1881, from hyphen + -ate (2). The earlier verb was simply hyphen (1814). Related: Hyphenated; hyphenating. Hyphenated American "immigrant citizen perceived as having divided loyalties" is attested from 1889.
"short dash used to connect two words or separate one," 1620s, from Late Latin hyphen, from Greek hyphen "mark joining two syllables or words," probably indicating how they were to be said or sung. This was a noun use of an adverb meaning "together, in one," literally "under one," from hypo "under" (from PIE root *upo "under") + hen, neuter of heis "one," from PIE root *sem- (1) "one; as one, together with."

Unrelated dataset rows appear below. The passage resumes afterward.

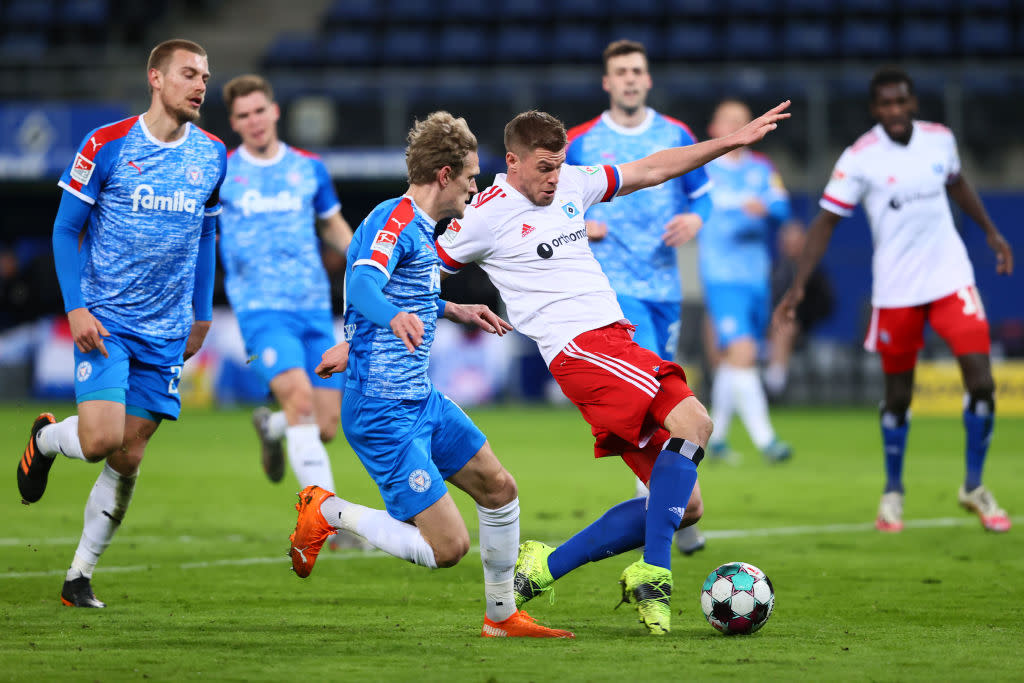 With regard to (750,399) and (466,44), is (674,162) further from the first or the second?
(466,44)

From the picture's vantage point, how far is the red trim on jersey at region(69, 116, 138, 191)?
587cm

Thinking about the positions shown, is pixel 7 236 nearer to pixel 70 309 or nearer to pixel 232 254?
pixel 232 254

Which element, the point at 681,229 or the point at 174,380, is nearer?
the point at 174,380

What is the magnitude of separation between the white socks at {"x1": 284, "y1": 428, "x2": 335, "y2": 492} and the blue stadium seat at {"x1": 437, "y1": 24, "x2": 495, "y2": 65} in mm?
18201

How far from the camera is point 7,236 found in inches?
866

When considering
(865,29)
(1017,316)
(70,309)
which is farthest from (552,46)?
(70,309)

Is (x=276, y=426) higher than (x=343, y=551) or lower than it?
higher

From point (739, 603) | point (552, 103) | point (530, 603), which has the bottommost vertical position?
point (530, 603)

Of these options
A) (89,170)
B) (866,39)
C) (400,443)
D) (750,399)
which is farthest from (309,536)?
(866,39)

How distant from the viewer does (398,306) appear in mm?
5199

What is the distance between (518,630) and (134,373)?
82.9 inches

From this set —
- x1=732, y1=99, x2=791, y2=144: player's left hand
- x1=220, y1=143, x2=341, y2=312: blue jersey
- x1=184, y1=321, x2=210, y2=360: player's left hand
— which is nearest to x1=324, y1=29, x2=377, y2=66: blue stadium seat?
x1=220, y1=143, x2=341, y2=312: blue jersey

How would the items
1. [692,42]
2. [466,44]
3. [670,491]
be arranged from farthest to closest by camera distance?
[466,44], [692,42], [670,491]

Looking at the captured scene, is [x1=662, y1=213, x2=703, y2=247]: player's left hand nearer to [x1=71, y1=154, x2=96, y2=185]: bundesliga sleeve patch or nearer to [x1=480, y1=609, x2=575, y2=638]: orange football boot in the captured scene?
[x1=480, y1=609, x2=575, y2=638]: orange football boot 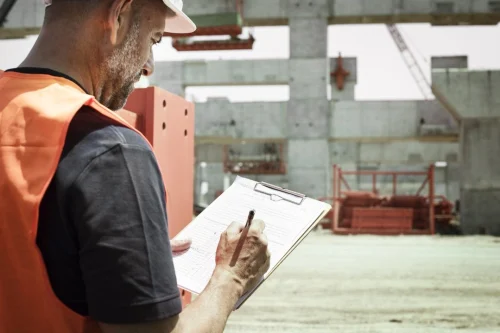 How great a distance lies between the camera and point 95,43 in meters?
1.10

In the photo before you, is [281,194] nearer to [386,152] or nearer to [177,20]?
[177,20]

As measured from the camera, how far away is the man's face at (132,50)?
1138mm

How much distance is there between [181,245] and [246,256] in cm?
47

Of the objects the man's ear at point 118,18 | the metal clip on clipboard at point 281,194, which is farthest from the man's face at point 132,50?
the metal clip on clipboard at point 281,194

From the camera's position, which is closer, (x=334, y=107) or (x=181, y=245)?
(x=181, y=245)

verbal suffix for Latin verbs in -are, identical with -ate (1). Old English commonly made verbs from adjectives by adding a verbal ending to the word (such as gnornian "be sad, mourn," gnorn "sad, depressed"), but as the inflections wore off English words in late Old and early Middle English, there came to be no difference between the adjective and the verb in dry, empty, warm, etc. Thus accustomed to the identity of adjectival and verbal forms of a word, the English, when they began to expand their Latin-based vocabulary after c. 1500, simply made verbs from Latin past-participial adjectives without changing their form (such as aggravate, substantiate) and it became the custom that Latin verbs were Englished from their past participle stems.